From: Bryan Garaventa <bryan.garaventa@ssbbartgroup.com>
Date: Fri, 14 Mar 2014 13:40:31 -0700
Message-ID: <1F5D1B0C17224E668E6DB69E47C93BEF@WAMPAS>
To: "Joseph Scheuhammer" <clown@alum.mit.edu>, "James Craig" <jcraig@apple.com>
Cc: "public-pfwg" <public-pfwg@w3.org>
No worries, I understand the concerns.

I'm trying to figure out several things with this, and it's related to a 
project for a client.

Essentially there are variable drag and drop objects that may be named 
anything, and they are being compared with other objects by dragging these 
first objects onto the ones to be matched.
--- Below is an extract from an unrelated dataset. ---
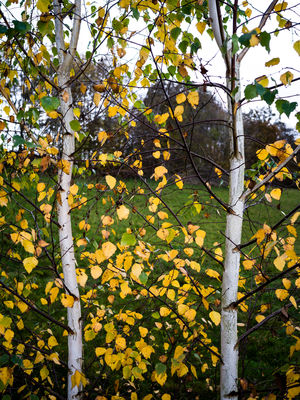 Natur  Fotografie von Fotograf René Greiner Fotografie ★4 | STRKNG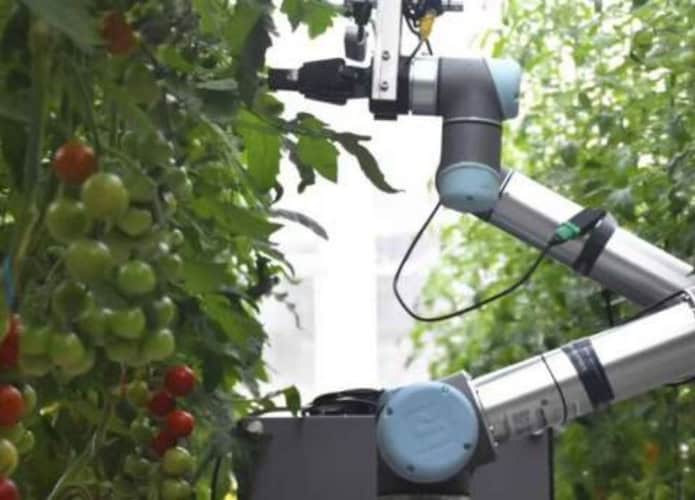 Braço robótico em uma plantação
There are no definites, because 
the implementation is configurable with variable content by others. 
Additionally, this implementation needs to work equally across desktop 
browsers for keyboard support as well on iOS devices.

So, how does ARIA drag and drop help with this? From what I'm seeing, it 
doesn't really, because support in desktop browsers for keyboard users 
doesn't necessarily translate to screen reader accessible components.

I like the menu idea, but how do you name the drop targets when it's not 
possible to know what they are in advance?

I'll try exploring naming methods to see if doing this dynamically is 
feasible for such a project. It's sort of complicated.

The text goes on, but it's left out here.